So let’s go ahead and set the parameter:


os.environ['PYTORCH_MPS_HIGH_WATERMARK_RATIO'] = '0.0'

As a result, the notebook ran to the end! It took about 1 hour (compared to about 20 minutes on Huggingface), and it resulted in heavy memory usage of up to 60GB (even though I have only 32GB of physical memory):

Memory Usage

I am not quite sure how to make of this heavy usage, especially since only about 5GB were swapped, so it does not really add up to me… Nonetheless, it worked!

Before closing: Yes, there would be other ways to try to optimize the memory usage (like gradient accumulation), but the goal here was to stay as close to the original code as possible.

Overall conclusion

It is always nice to be able to run things on out own machine. But overall, the performance is not as good as even the free versions of Paperspace or Kaggle.
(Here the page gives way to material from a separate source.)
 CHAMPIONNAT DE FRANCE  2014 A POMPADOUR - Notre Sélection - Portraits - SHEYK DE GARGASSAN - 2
Nonetheless, I would attribute some convenience to being able to work locally in terms of setup, being in a known environment, being able to work traveling. Additionally, more capable laptops are becoming ubiquitous than ever, so if you have one, why not use it? Especially for playing with smaller models, it makes lots of sense to me, and for bigger models, you can always easily shift to an online service.

Again, there are tradeoffs and it depends on personal taste. What’s your take on this? Do you prefer to work on your laptop or your preferred online environment?